Just copy in the code I already gave you.

function MatrixAdditionRunTime( matrixSize, mX, mY )

  sacalrA = rand();
  sacalrB = rand();

  tic();
  mA = (sacalrA .* mX) .+ (sacalrB .* mY);
  runTime = toq();

  return mA, runTime;
end

function MatrixMultiplicationRunTime( matrixSize, mX, mY )

  sacalrA = rand();
  sacalrB = rand();

  tic();
  mA = (sacalrA .+ mX) * (sacalrB .+ mY);
  runTime = toq();

  return mA, runTime;
end

These still have temporaries.

Sure, but op is just trying to say: I have this computer and I want to do this linear algebra: which is faster. Sure Julia could be made faster but so could matlab. I think matlab is a horrrible language to develop in though, so I stay in Julia camp, but if all I needed was to make a big matrix addition here and now, it looks like I should do it in matlab

Why say that when you can make a more refined statement: “it looks like I should do it in MATLAB, only because implicit parallelism makes it faster”. It’s concise, true from the benchmarks I ran (turning multithreading off), and gives a solid development path / answer for Julia to work towards. The benchmarks just need one line to prove that point, and then it’s something which is useful. “I see a difference” isn’t useful.

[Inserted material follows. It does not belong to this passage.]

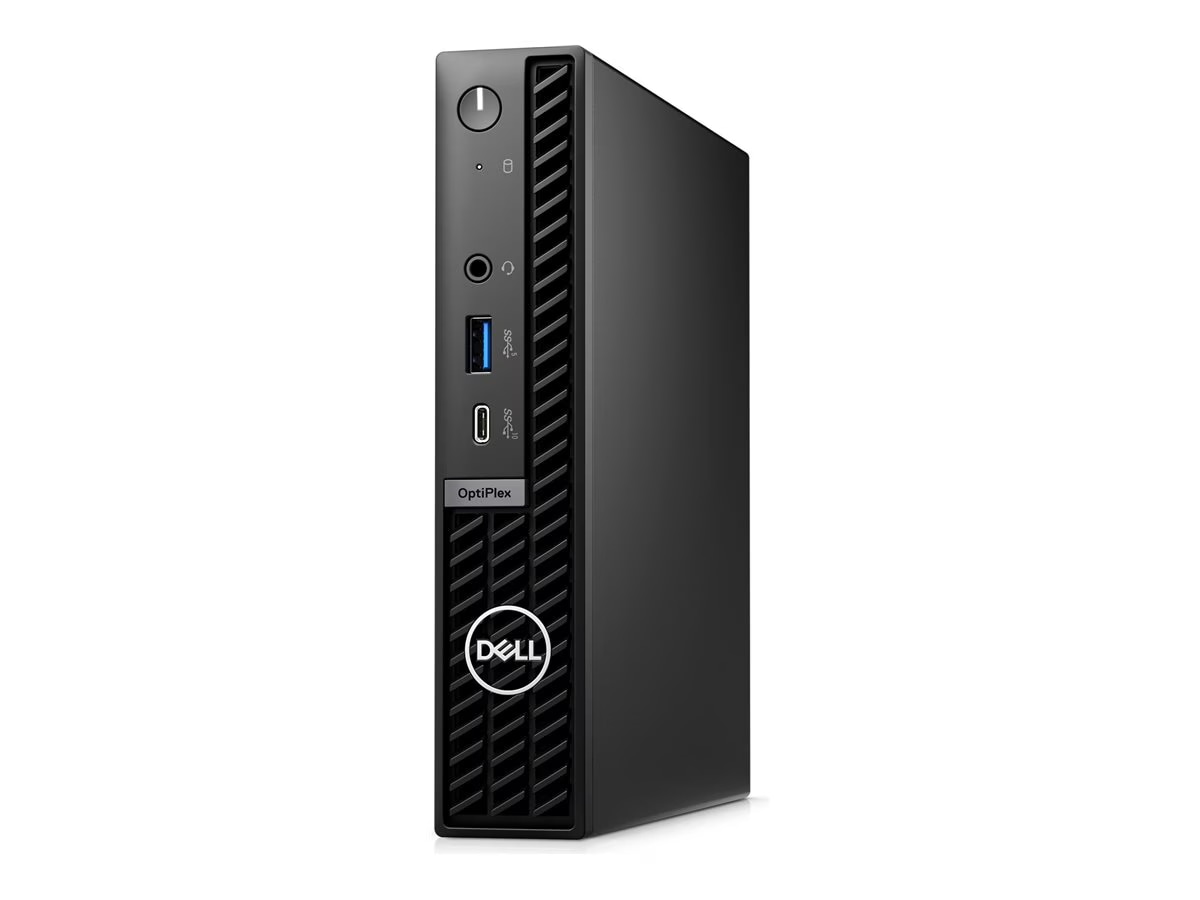 Dell OptiPlex 7020 Micro Desktop - Core i5-14500T - 16GB - SSD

Can you provide a good reasoning for the ‘only’? That’s the main point here. Matlab uses the underlying HW efficiently out-of-the-box, julia doesn’t.

Take the opimized non-tempoary-allocating codes I wrote above for MatrixAdditionRunTime, MatrixMultiplicationRunTime, and ElementWiseOperationsRunTime. Benchmark those in Julia. Then take the MATLAB codes (optimized, since vectorized) and run them with:

maxNumCompThreads(1)

I saw a massive swing in the benchmarks (as already indicated) showing Julia far ahead, indicating that the confounding factor (at least in benchmarks related to these operations) is implicit parallelism.

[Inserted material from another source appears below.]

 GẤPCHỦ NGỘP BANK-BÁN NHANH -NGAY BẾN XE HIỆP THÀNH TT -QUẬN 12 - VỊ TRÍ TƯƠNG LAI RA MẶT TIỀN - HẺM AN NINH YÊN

but why would you intentionally turn of a feature if you needed to get something done?

Why would you write a paper with no result?

Is the phrase “make things better!” helpful?

The benchmark is supposed to show something. “Julia is slower in these benchmarks” isn’t an interesting or informative result. “Julia is slower in these benchmarks because MATLAB utilizes implicit parallelism” is a very informative result and tells us that we won’t match MATLAB in these benchmarks until we use multithreading.

This doesn’t mean only run it without multithreading, I am saying show both lines, MATLAB with implicit parallelism, and MATLAB without implicit parallelism. In at least some of the benchmarks, that will isolate what’s up and narrow down the benchmarks which are still unexplained (I think those should be tested to see the difference of MKL vs OpenBLAS)

@ChrisRackauckas, I’m a user.
I want to test what I will get as a user, not what the theoretical capabilities of X or Y.

We all agree that theoretically they can be as fast as can be a perfect C code.
But we try to measure what they bring to the table.
Hence I don’t see the logic in limiting MATLAB to show Julia is better.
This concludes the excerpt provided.